Diluted earnings per share
Diluted earnings per share adjusts the figures used in the determination of basic earnings per
share to take into account the after income tax effect of interest and other financing costs
associated with dilutive potential ordinary shares and the weighted average number of shares
assumed to have been issued for no consideration in relation to dilutive potential ordinary
shares.
(u) Preparation of financial statements in relation to the consolidated entity
From 28 June 2010, the Corporations Act 2001 no longer requires the preparation of parent
entity accounts, for the purpose of streamlining parent entity reporting. Where the entity is
required to prepare financial statements in relation to the consolidated entity, the Corporations
Regulations 2001 (the Principal Regulations) specify supplementary information about the
parent entity that is to be included in a note to the consolidated financial statements.
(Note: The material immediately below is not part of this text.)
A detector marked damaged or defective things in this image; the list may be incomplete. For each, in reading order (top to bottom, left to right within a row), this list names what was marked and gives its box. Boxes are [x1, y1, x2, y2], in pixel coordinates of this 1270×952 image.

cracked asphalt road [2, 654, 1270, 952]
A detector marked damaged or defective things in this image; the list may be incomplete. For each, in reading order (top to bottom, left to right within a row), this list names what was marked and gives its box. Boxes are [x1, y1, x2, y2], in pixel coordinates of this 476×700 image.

This
information is disclosed in Note 22.
(v) Discontinued operations
Discontinued operations are those operations from a major line of the business or a
geographical segment which have been earmarked by the Consolidated Entity for sale, as part
of a single co-ordinated plan.
(w) New accounting standards adopted for these financial statements
The Consolidated Entity has changed some of its accounting policies as a result of new or
revised accounting standards which became effective for annual reporting periods commencing
on 1 January 2013.
Accounting for consolidations
The new standard AASB 110 has redefined definitions of control, as applied for entities
preparing consolidated financial statements. The Consolidated Entity consequently has altered
its principles of consolidation accounting policy, principally in defining control of a controlled
entity, in order to meet the requirements under AASB 110. There was no impact on the
financial statements or notes in these financial statements as a result of the alteration to this
policy.
Accounting for employee leave provisions
The revised standard AASB 119 has changed the methodology that the Consolidated Entity
uses to account for annual leave. Any annual leave expected to be taken in-excess of 12
months as at reporting date is now discounted to present values. As the Consolidated Entity
expects all of its employees to take all of their outstanding annual leave balances within 12
months, this policy change did not affect these financial statements.
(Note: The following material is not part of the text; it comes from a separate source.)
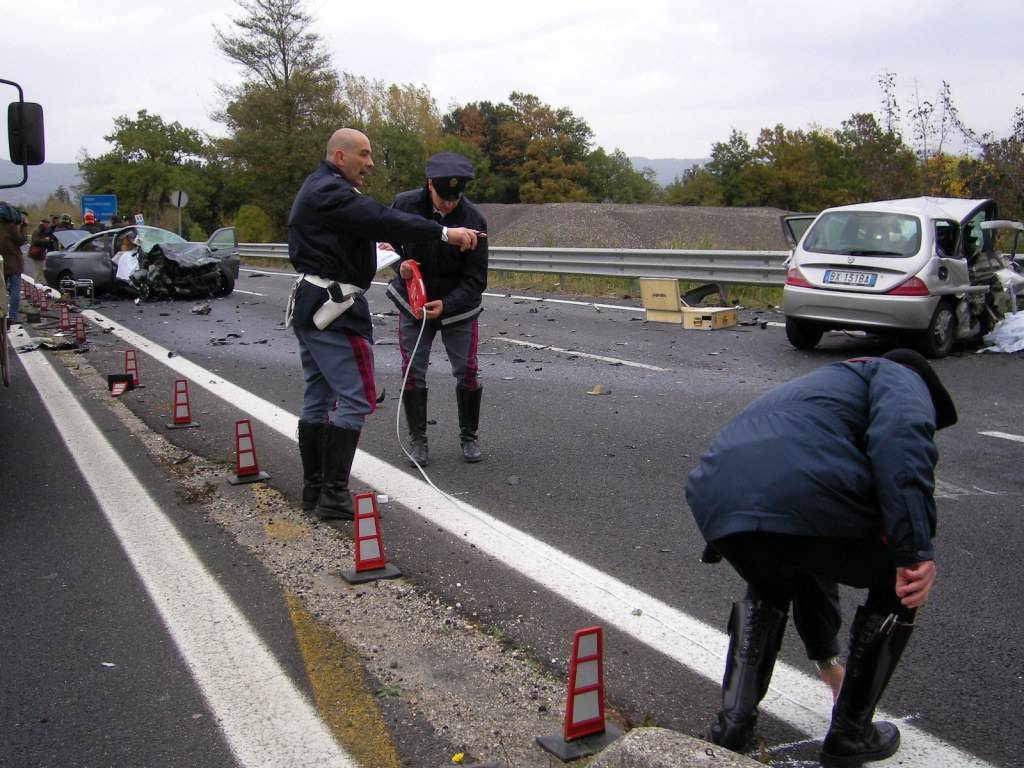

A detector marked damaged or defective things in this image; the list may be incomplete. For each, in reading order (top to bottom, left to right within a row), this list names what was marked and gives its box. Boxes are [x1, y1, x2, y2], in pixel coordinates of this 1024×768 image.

crashed dark car [43, 224, 239, 299]
shattered car body [43, 225, 239, 301]
silver wrecked car [782, 195, 1015, 358]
TAWANA RESOURCES NL ABN 69 085 166 721 44
NOTES TO THE FINANCIAL STATEMENTS
FOR THE YEAR ENDED 31 DECEMBER 2013
1. Summary of significant accounting policies (continued)
(w) New accounting standards adopted for these financial statements (continued)
Application of fair value measurement principles
The other new standard applicable for the first is AASB 13 Fair Value Measurement. The
adoption of this standard has not affected accounting policies or amounts recognised or
disclosed in these half year financial statements due to the nature of the Consolidated Entity’s
financial instruments and re-valued Plant and Equipment.
2. Financial risk management
The consolidated entity’s exploration activities are being funded by equity and do not expose
the consolidated entity to significant financial risks. There are no speculative or derivative
financial instruments. Funds are invested for various short term periods to match forecast cash
flow requirements.
(a) Market risk
Foreign currency risk
The consolidated entity has foreign operations with functional currencies in the South African
Rand, the Botswana Pula and the United States Dollar. Both the parent company and each
subsidiary transacts predominantly in its own functional currency with little or no foreign
currency risk. Cash invested into each foreign operation through intercompany loan accounts,
with no fixed date of maturity on those loans, from the parent to its foreign operations is
considered to form part of the parent company’s net investment in its foreign operations and
therefore is considered by the parent company to not represent a foreign currency risk.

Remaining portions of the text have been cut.